A 2.5 degree drop in GH in two days seems like a lot to me. And a drop from a GH of 10 to 0 (you don't say over how much time) is pretty incredible as well. Try another GH test kit just to double check.

Also remember re GH: just because you have a GH of lets say 5+ does not mean that you have enough calcium AND magnesium. Some source waters' GH can be made up of mainly Ca and very little Mg. I have seen tap water with a GH of 15 and only 5mg/l of magnesium, so Mg needed to be added...

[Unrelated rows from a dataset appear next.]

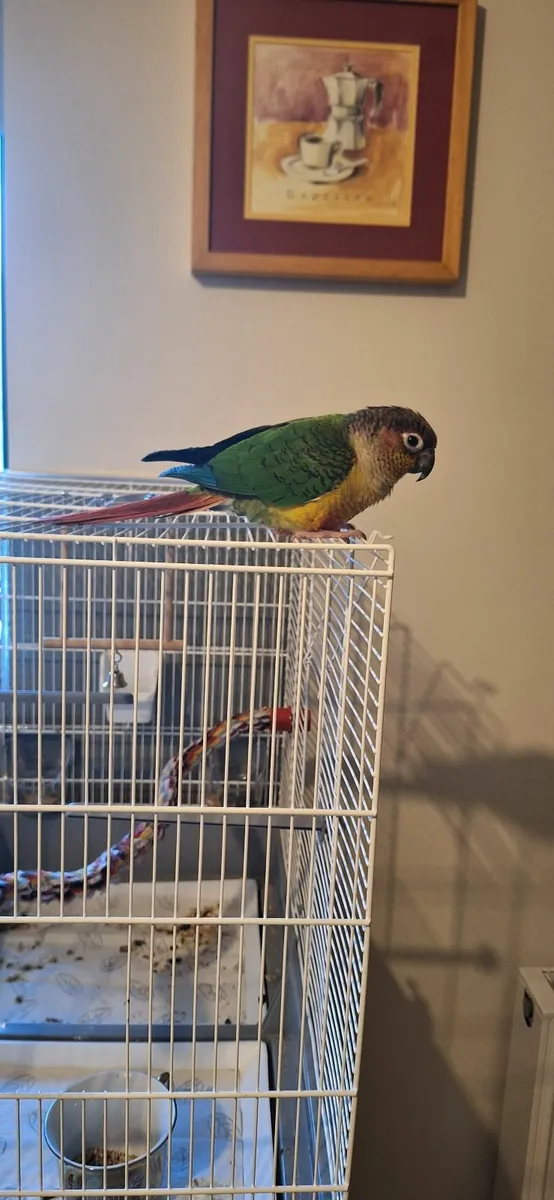 Animal - Image 2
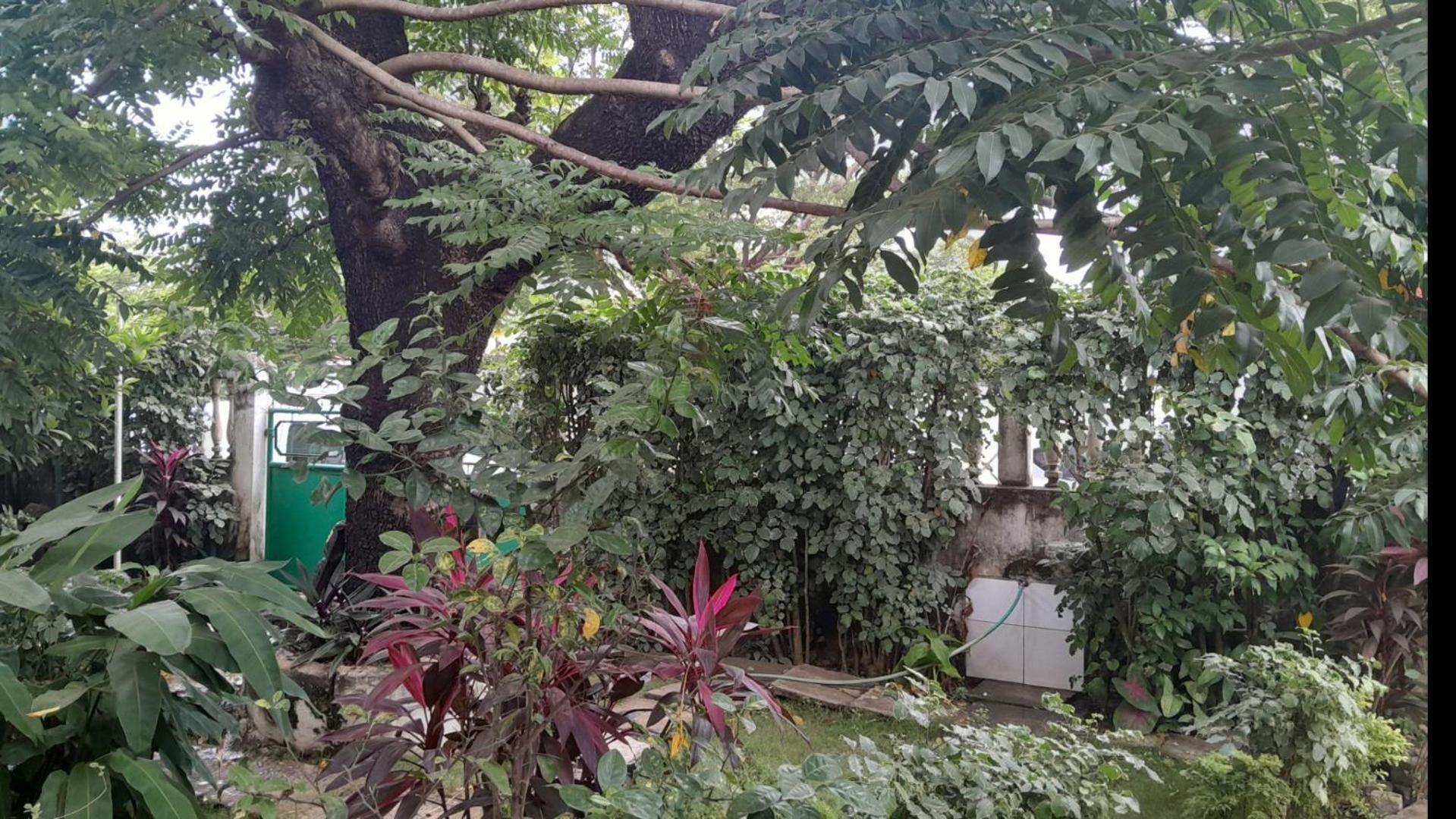 Apartmán Casa De Ferias Sao Tome Exteriér fotografie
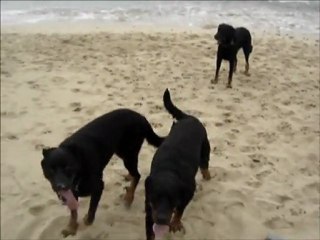 Buddy enya Baika plage pors tarz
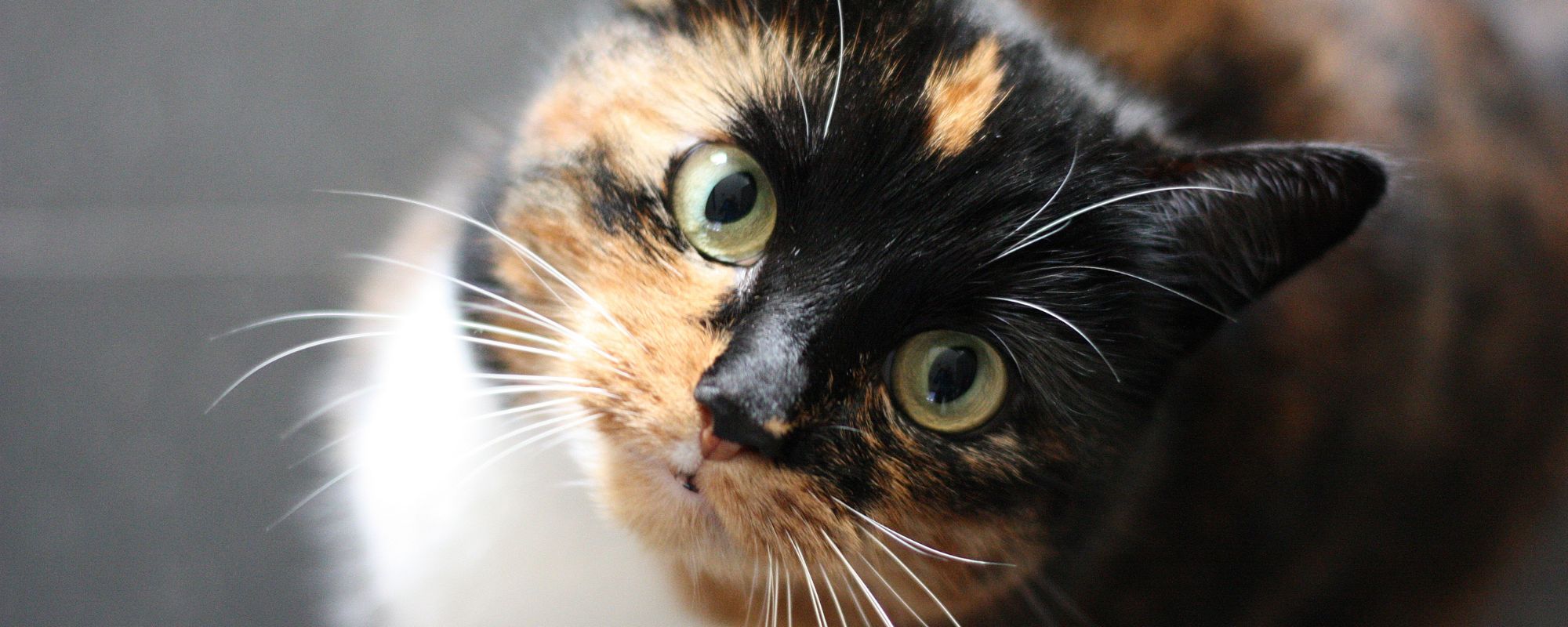 étude sur les aliments pour chats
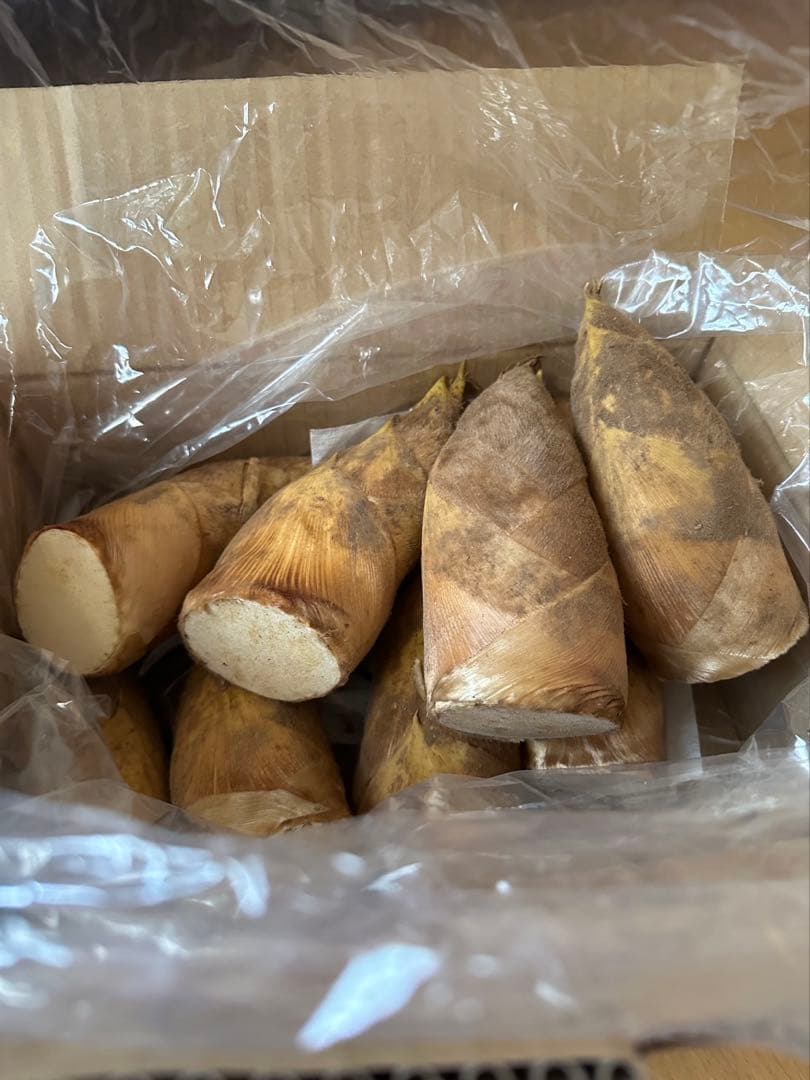 徳島県産 たけのこ 約2kg 筍 タケノコ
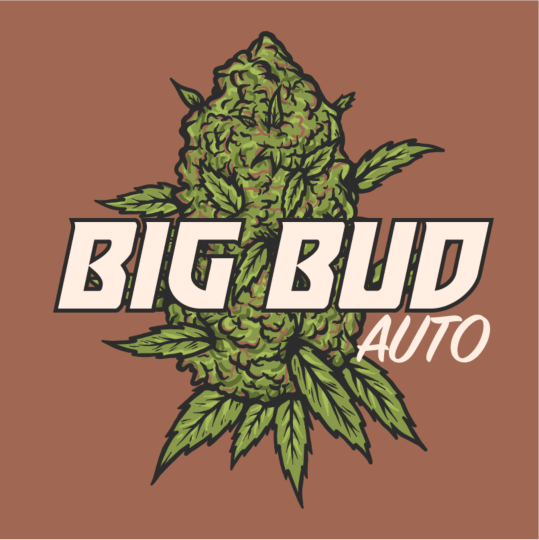 Big Bud Autoflower Seeds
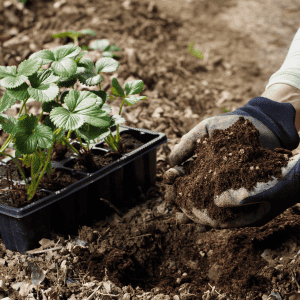 what is humic acid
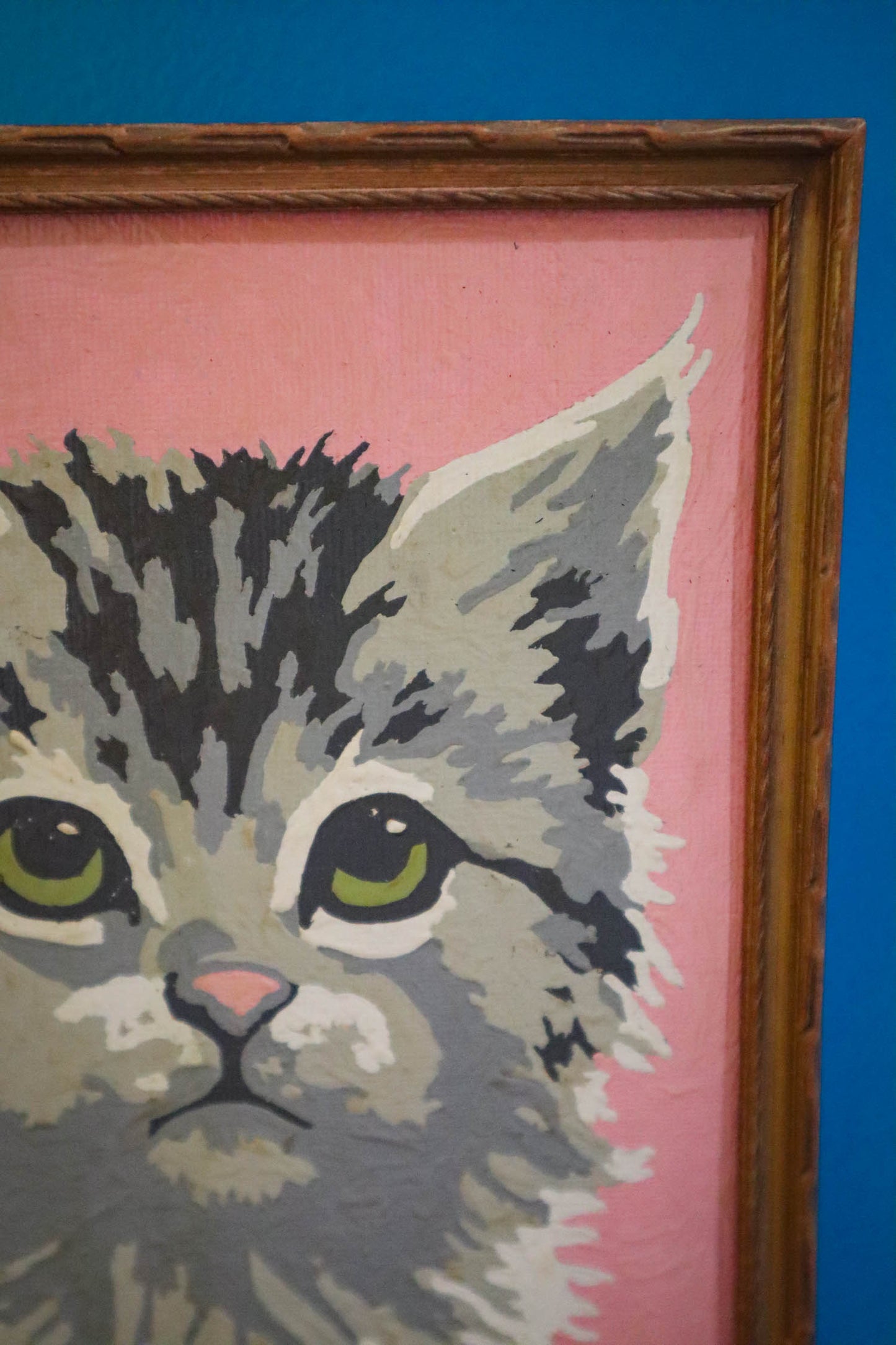 Kitten Kitsch Framed Paint by Number Portrait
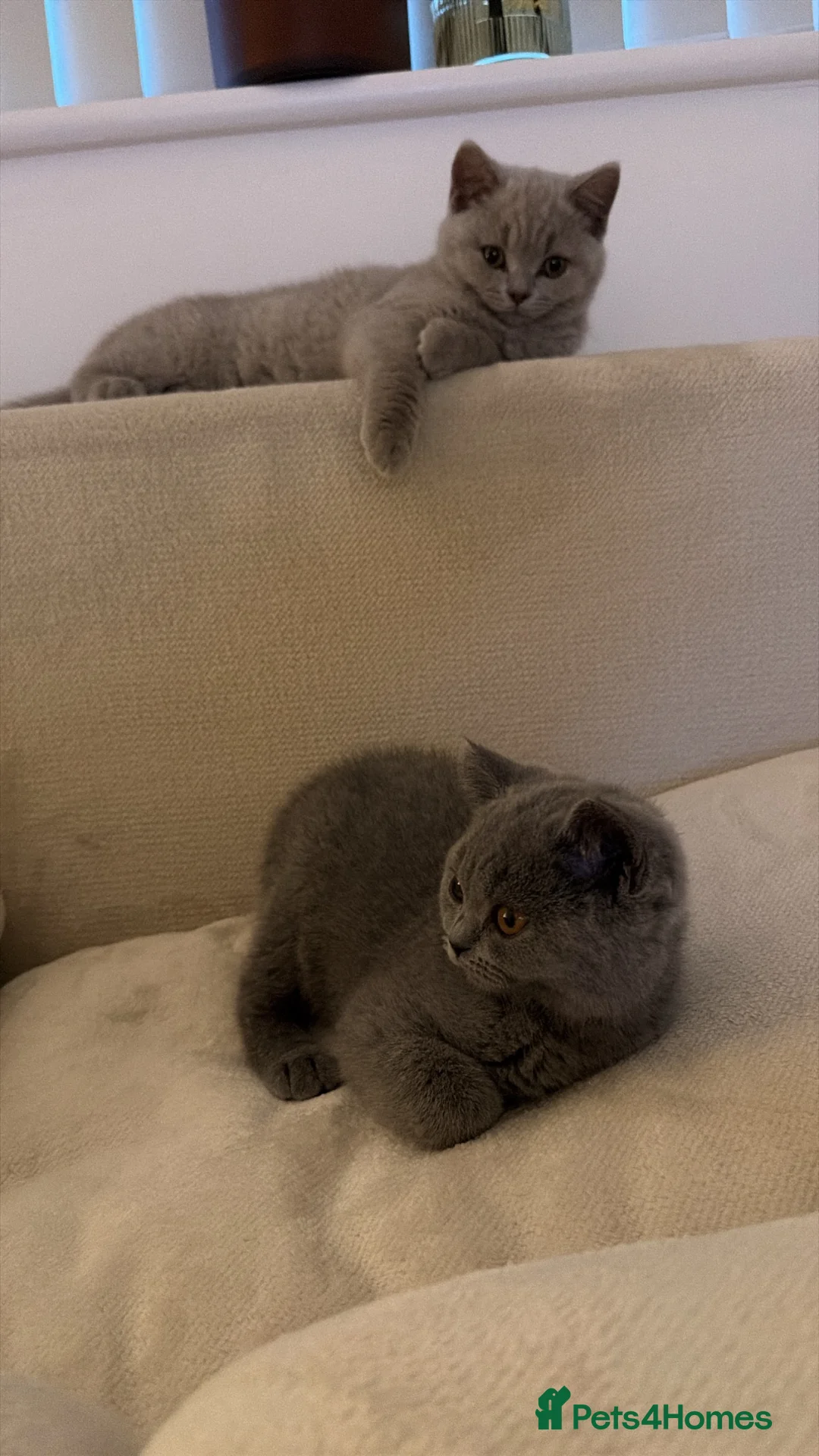 British Shorthair cats for sale: British shorthair kittens GCCF registered  - Advert 2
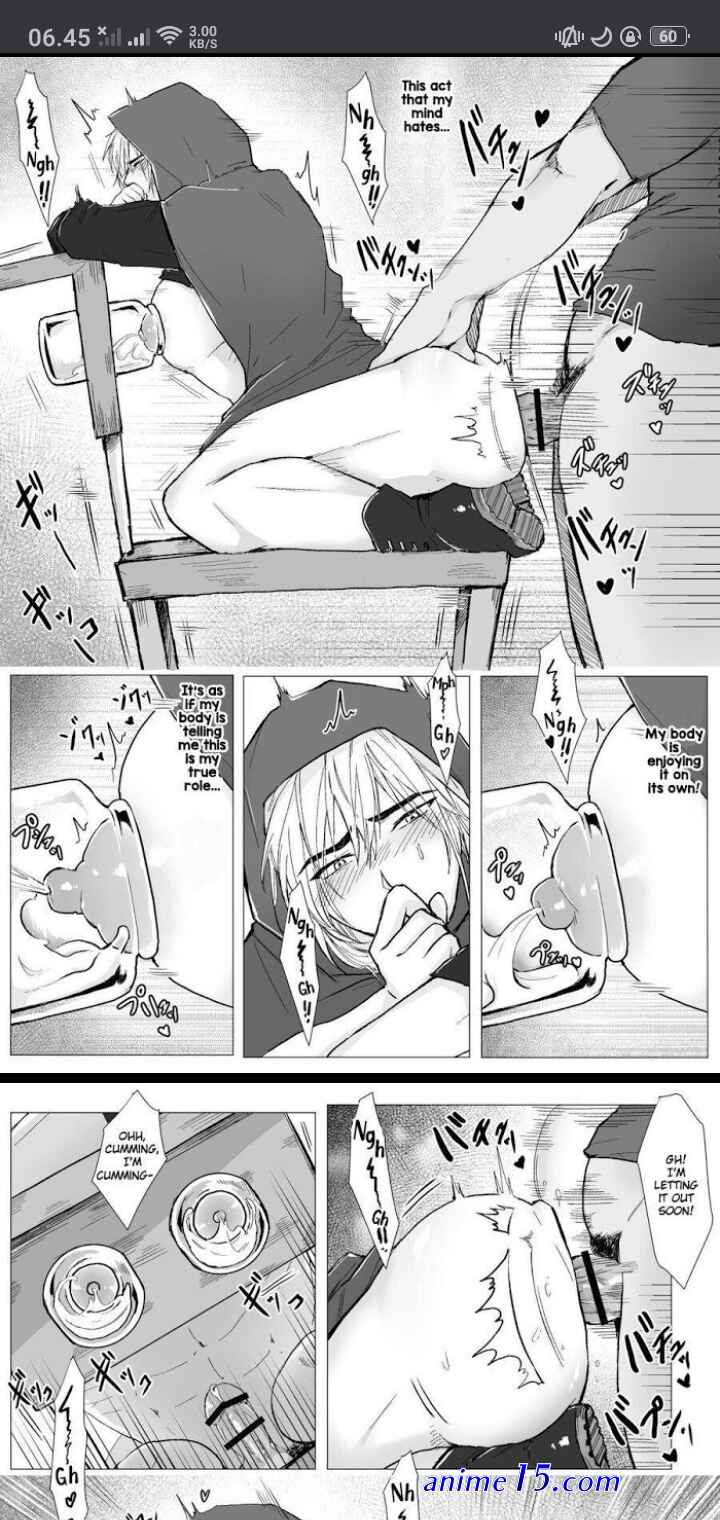 koumei na kishi danchou ga jitsu wa nyuugyuu datta ken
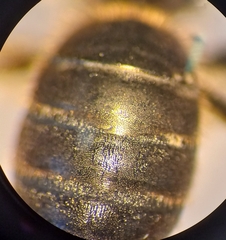 Halictus langobardicus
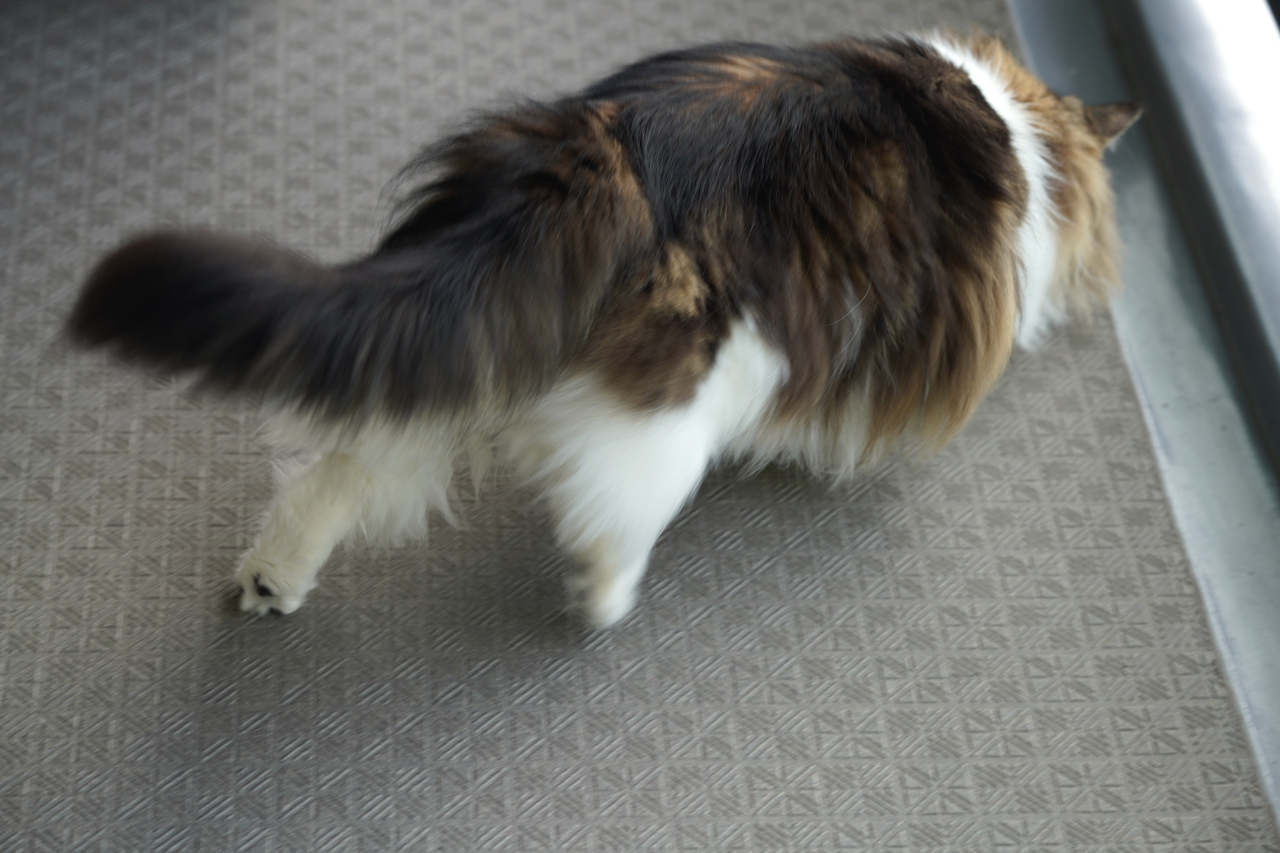 f:id:kazuhiro0214:20200812224816p:plain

And the way plants use nutrients IMO is as follows: light>carbon>macros>micros. And I've found that the order or priority of use has an influence. High light makes the plants need carbon to build plant mass as they photosynthesize and grow. If they don't find carbon they won't be building plant mass and therefore won't be using much macros. Give them carbon and then they will need the macros to grow well. etc...

Your tank is well lit and I assume that the plants are getting adequate carbon. If your test kit results are reliable, the plants are now hungry for macros as you are showing phosphates and nitrates of zero. Phosphorous and nitrogen are essential for plants (K as well) which is why all non-aquatic plant fertilisers contain NPK.

You are then adding Flourish (micros) to a tank with no macros. The plants don't need that much micros because they have no macros (remember light>carbon>macros>micros). So guess who benefits from the unused micros?

Hope this helps. Still haven't had enough coffee this morning so this looks like a bit of a ramble! 

P.S. Also keep in mind that Diana's comments are related to a completely different type of system and not a high light, CO2 injected setup.


----------



## sean tebor (May 25, 2007)

Thank you Laith, your reply is helpful. I had of course seen in many other threads the importance of the chain, light>carbon>macros>micros, and finally it takes on its full importance. I think also that I have not previously found that magical balance between all these components, with all of them present in the right quantities. Every system really is unique.

For example, I am concerned about iron sources going into the tank, and the effect this has on the amount of micros I would dose. There is iron in the substrate (all Flourite), iron in the fish food, iron in the Equilibrium I use to buffer GH, and iron in the micros. How does that all add up? Is testing iron enough, and what happens to the cumulative quantities of other micros in order to regulate iron?

I have been going back and forth with the support crew at Pfertz in the last 24 hours, since I am using their fertilizers. I had tried ADA and things were way out of wack when dosing by their directions. The folks at Pfertz have been really great. I sent them pics of the tank and we are fine tuning a fertilization routine specifically for my system. We'll see how it turns out.


----------



## Laith (Sep 4, 2004)

I'd ignore iron coming from any source other than your micro ferts; the quantities aren't going to be substantial enough (and probably in the wrong "state" anyway) to have any impact. In any case, as you mention regarding balance, once your fert regime is good having more iron shouldn't cause problems.

Good luck with the Pfertz plan. Remember to stick with the plan for a while... patience is key. And you may see things getting worse before they get better!


----------